WORK REQUEST:
Copy out, unchanged, every line from the start of the records to the line that contains "Vintage Poinsettia Double LED Candle Holder", and stop there.
** RECORD EXCERPTS follows **
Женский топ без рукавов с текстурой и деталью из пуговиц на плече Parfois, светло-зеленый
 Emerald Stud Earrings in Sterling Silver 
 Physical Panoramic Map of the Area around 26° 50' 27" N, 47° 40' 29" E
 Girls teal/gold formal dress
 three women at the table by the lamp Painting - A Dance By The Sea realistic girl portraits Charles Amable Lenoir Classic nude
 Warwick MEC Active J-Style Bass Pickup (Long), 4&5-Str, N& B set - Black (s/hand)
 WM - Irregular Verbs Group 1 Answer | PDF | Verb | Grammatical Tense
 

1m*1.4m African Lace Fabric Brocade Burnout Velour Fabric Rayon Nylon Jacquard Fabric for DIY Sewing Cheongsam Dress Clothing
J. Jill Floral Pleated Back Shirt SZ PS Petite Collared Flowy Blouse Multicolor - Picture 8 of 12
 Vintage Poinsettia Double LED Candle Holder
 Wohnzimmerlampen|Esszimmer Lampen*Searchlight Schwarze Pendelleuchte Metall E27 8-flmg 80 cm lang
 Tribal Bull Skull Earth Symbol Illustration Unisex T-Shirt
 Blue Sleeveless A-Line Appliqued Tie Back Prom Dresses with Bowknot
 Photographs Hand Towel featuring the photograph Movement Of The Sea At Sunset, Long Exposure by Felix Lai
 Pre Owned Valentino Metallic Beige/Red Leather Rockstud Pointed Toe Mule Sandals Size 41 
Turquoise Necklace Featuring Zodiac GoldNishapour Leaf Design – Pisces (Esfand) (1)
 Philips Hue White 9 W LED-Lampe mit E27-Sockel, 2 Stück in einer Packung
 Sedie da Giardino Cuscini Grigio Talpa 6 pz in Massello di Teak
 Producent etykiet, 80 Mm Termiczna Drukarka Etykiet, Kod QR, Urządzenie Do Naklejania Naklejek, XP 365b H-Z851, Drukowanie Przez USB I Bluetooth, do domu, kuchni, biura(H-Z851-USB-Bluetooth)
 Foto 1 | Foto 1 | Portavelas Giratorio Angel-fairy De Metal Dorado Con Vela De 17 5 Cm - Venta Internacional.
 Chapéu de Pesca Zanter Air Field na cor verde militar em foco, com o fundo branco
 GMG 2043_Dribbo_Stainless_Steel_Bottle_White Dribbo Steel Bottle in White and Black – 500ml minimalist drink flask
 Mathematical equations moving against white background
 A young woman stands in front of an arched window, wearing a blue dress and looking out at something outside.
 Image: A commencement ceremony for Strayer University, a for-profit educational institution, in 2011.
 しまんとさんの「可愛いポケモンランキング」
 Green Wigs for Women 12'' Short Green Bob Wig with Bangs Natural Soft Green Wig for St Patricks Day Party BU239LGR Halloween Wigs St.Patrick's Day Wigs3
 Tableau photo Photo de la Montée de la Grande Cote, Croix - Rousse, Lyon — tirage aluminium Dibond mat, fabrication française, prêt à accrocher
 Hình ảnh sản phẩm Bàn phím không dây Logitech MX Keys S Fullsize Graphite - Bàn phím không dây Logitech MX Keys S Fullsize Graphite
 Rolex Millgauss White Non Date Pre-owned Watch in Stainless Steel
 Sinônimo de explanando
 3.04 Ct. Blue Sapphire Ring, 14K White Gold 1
** End of RECORD EXCERPTS **
YOUR SOLUTION:
Женский топ без рукавов с текстурой и деталью из пуговиц на плече Parfois, светло-зеленый
 Emerald Stud Earrings in Sterling Silver 
 Physical Panoramic Map of the Area around 26° 50' 27" N, 47° 40' 29" E
 Girls teal/gold formal dress
 three women at the table by the lamp Painting - A Dance By The Sea realistic girl portraits Charles Amable Lenoir Classic nude
 Warwick MEC Active J-Style Bass Pickup (Long), 4&5-Str, N& B set - Black (s/hand)
 WM - Irregular Verbs Group 1 Answer | PDF | Verb | Grammatical Tense
 

1m*1.4m African Lace Fabric Brocade Burnout Velour Fabric Rayon Nylon Jacquard Fabric for DIY Sewing Cheongsam Dress Clothing
J. Jill Floral Pleated Back Shirt SZ PS Petite Collared Flowy Blouse Multicolor - Picture 8 of 12
 Vintage Poinsettia Double LED Candle Holder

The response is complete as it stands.